Efficient Judicial Resolution. The fifth factor of efficiency is evaluated by looking "primarily at where the witnesses and the evidence are likely to be located." Ziegler, 64 F.3d at 475-76 (citation omitted). Since City Beach and Borderfree are Australian companies, and the sales between them occur domestically in Australia, this factor weighs in City Beach's favor.
Importance of Forum to Plaintiff. AirWair does not address the sixth factor regarding convenience of the forum, only arguing that City Beach is a more convenient defendant than Borderfree due to an indemnity clause in their contract. Dkt. No. 22 at 15 (Opp'n). Thus, we accept City Beach's assertion that it would be more convenient for AirWair to enforce an Australian court order against City Beach at City Beach's headquarters in Australia; the sixth factor favors City Beach.
Existence of Alternate Forum. As to the final factor, "[t]he plaintiff bears the burden of proving the unavailability of an alternative forum." Id. at 476. AirWair has only made a conclusory statement to that effect, and has not shown that Australian courts are unavailable for trademark protections. The final factor favors City Beach.
Six of the seven factors tip in favor of City Beach. Therefore, even if the Court were to find that City Beach purposefully directed its activities at the forum state of California, the Court would not exercise specific jurisdiction in this case because to do so would not comport with fair play and substantial justice.
II. Nationwide Personal Jurisdiction
AirWair also asserts nationwide jurisdiction under the federal long-arm statute, Fed.

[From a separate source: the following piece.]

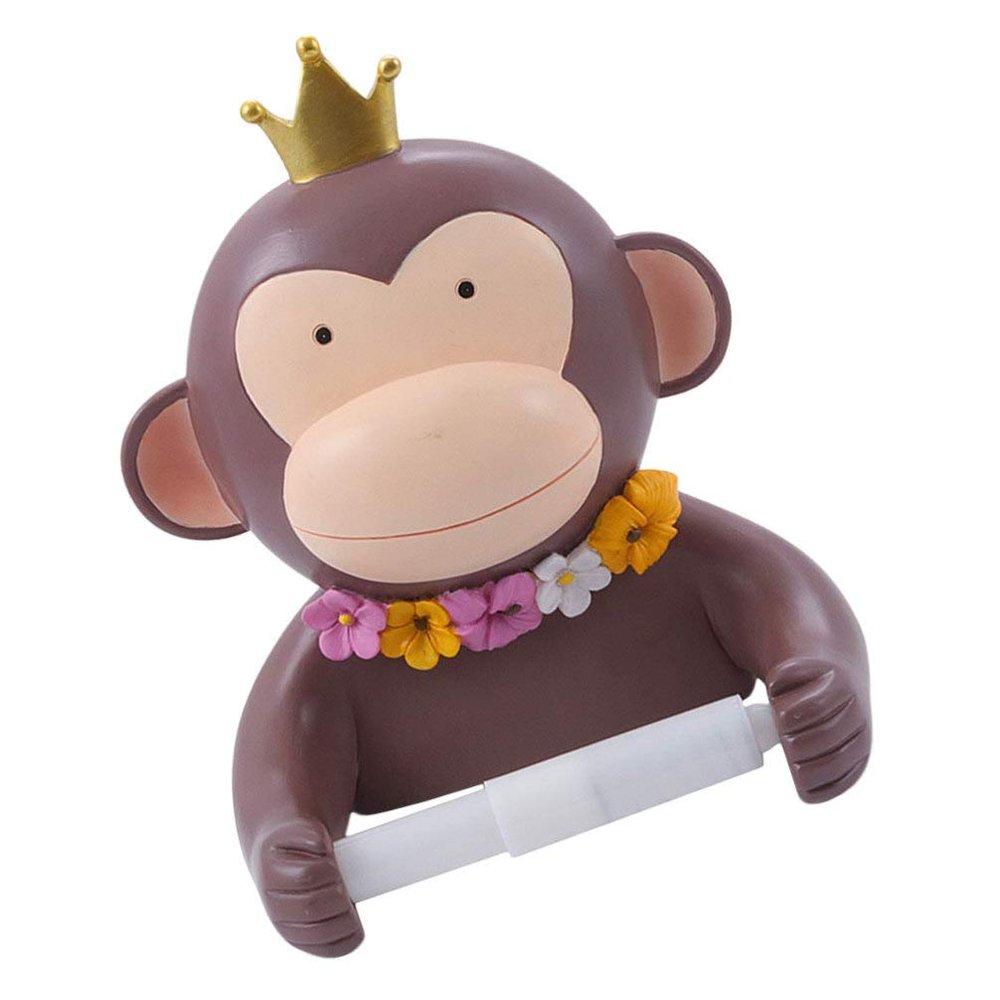 1pc Brown Tissue Rack Cute Cartoon Roll Paper Holder Wall-Mounted Bathroom Accessory Space-Saving Design for Toilet Supplies for Home Decor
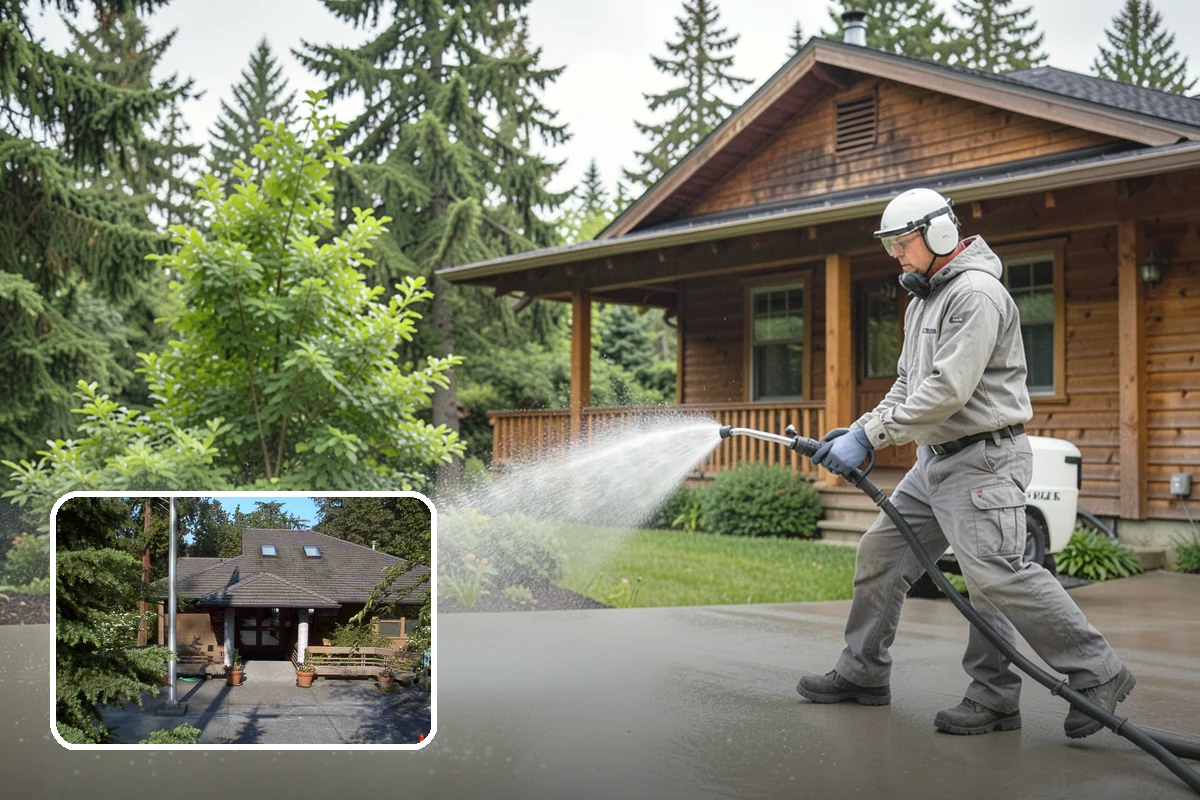 Entrance Canopy Cleaning in Yarrow Point, King County, WA - Brightens the canopy underside that visitors see first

R. Civ. P. 4(k)(2). Three requirements must be met: "[1] the claim against the defendant must arise under federal law . . . [2] the defendant must not be subject to the personal jurisdiction of any state court of general jurisdiction . . . [3] the federal court's exercise of personal jurisdiction must comport with due process." Pebble Beach, 453 F.3d at 1159. The due process analysis is identical to that of the analysis above, "except here the relevant forum is the entire United States." Id.
No reported decision in the Ninth Circuit has conferred such jurisdiction. See Holland Am. Line Inc. v. Wartsila N. Am., Inc., 485 F.3d 450, 462 (9th Cir. 2007). In one unreported decision, nationwide jurisdiction was conferred, not in the alternative, but in addition to specific personal jurisdiction in the forum state. See Avvo Inc. v. Chang Liang, No. CV-16-00892-PHX-DLR, 2016 WL 8738247, at *1 (D. Ariz. Apr. 4, 2016) (defendants hosted "complete counterfeit duplicate of Plaintiff's website" on servers in Phoenix, Arizona, sufficient for jurisdiction under Arizona's long-arm statute; moreover, the website "exclusively list[ed] attorneys located in the United States," indicating an express targeting of conduct and damage to the United States as a whole). The Holland court cited two of the rare cases in which other circuits have conferred nationwide jurisdiction: in one, the defendant had insured hundreds of shipments to the United States valued at over $130 million. See Adams v. Unione Mediterranea Di Sicurta, 364 F.3d 646, 651-52 (5th Cir. 2004) ("Given the volume of activity, we have no difficulty concluding that UMS has continuous and systematic contacts with the United States as a whole.") (citation omitted). In the other, defendants engaged in numerous conspiracies to attack the United States, with overt acts occurring within the country's borders. See Mwani v. bin Laden, 417 F.3d 1, 13 (D.C. Cir. 2005) ("plaintiffs thus amply made a prima facie showing that bin Laden and al Qaeda purposefully directed [their] activities at residents of the United States") (internal quotation marks and citation omitted).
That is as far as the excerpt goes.